Years ago....my sister obtained the window from my mothers childhood bedroom, then enlarged a photo of my mom as a child with her family standing on that side of that house...my mothers bedroom window side...and anyway centered that photo in that old window and hung it in her basement. I thought it was just the neatest thing. I guess my sister is the creative one lol.

She also remembers spending summers with my grandparents when she was young and LOVED the front door that they had with the oval glass in the center. She never forgot that. In the new house she built, she replicated that door with the oval glass and then just inside the door in the entry way, enlarged a photo of my grandparents put it in a beautiful oval frame with a dedication to them.

I just wasn't born with any creativity.






so....any ideas? Photos too please of your project with windows if you have them.

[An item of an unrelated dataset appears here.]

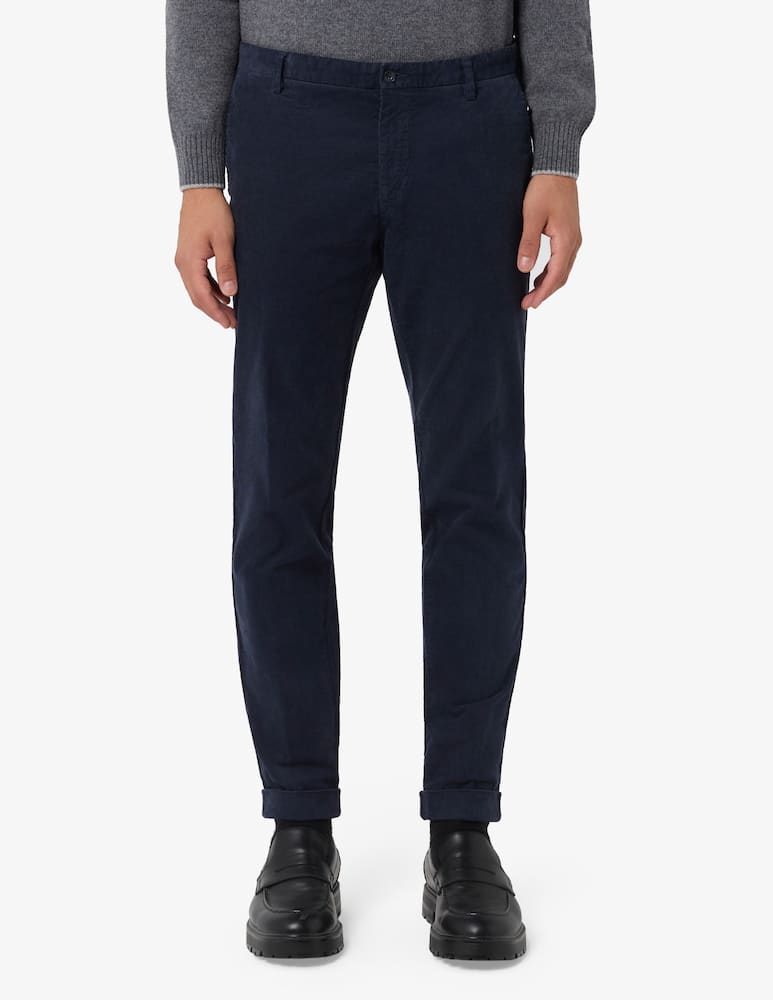 rinascente At.p.co Chino slim fit trousers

I also have a few really really old 4 pane windows out of an old home too I'd love to do something with.





Heck share any of your special projects that were inspired by special memories.


----------



## kaykay (Sep 30, 2008)

connie

I have a BUNCH of old barn windows up in my hay loft. Im making them my winter project. I even have it drawn out just need to paint it.

Window one im doing the 4 seasons showing landscapes with horses

Window two I cant tell cus its top secret LOL.

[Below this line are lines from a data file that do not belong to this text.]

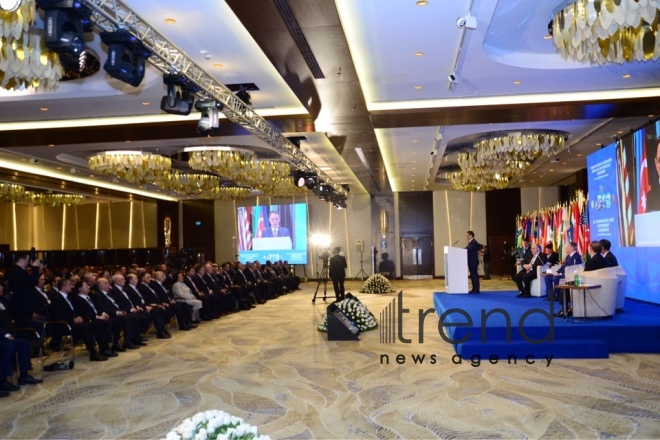 The 36th International Drug Enforcement Conference is being held in Baku.Azerbaijan Baku 15 April 2019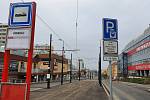 Dopravní podnik hl.  The City of Prague (DPP) extended the tram line to the Pankrác metro station.  For now, however, cars can park here.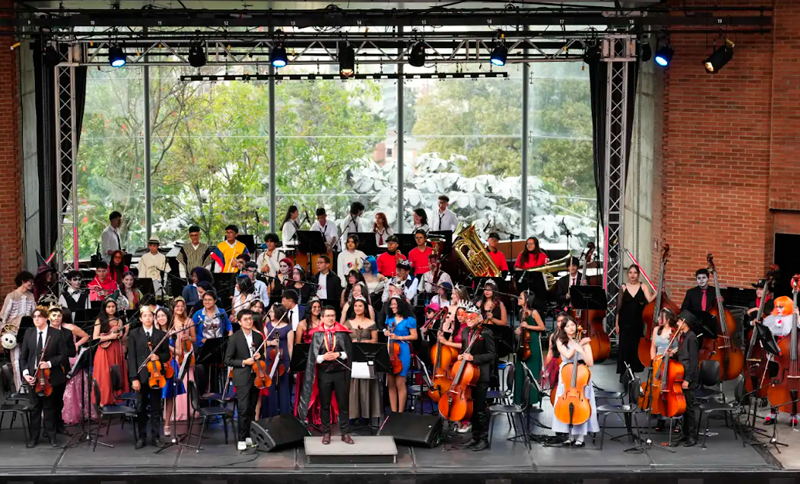 Chiquitortazo con la Orquesta Filarmónica Prejuvenil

I think it would be really cool to put pictures of your own horses in the windows.

See im not good with numbers but im good with paint, pencils or cameras LOL


----------



## Pepipony (Sep 30, 2008)

If you want something crafty, you can add stained glass, either foiled ( like Tiffany) in a design, or mosaic. For mosaic, just think of a design or scene, buy glass in colors to fit then smash it all to pieces LOL I made mom a tree/pond scene for her birthday, took most of the day, but was fun. To adhere it to the glass, use silicone, just like tiling, and dont let the silicone dry. Use enough silicone so that it oozes between glass pieces, if it oozes too much, use a putty knife to scrape it off. Have fun!!!!


----------



## Sterling (Sep 30, 2008)

Oh they use old barn window crafts a lot around here. I love them!! I've always wanted to get to do one, but never had the chance nor gotten around to it. If you google "old barn window crafts" you'll come up with many pages and some pretty neat ideas. I must say this one has to be my favorite one tho:






photo courtesy of this site: http://www.meganandscott.com/Projects_Ideas_OldWindows1.htm


----------



## wantminimore (Sep 30, 2008)

My sister took an old cellar window that had 3 sections and put a pic of each of my 2 kids and then one pic of all of us in it, I think it's really neat. I have a few windows that I plan on doing something crafty with but don't know just what yet.

Pepipony,

Do you happen to have a pic of the gift you made for your mom, if you do i'd love to see it?

Leslie


----------



## susanne (Sep 30, 2008)

If I lived close to you I'd be at your doorstep begging for them!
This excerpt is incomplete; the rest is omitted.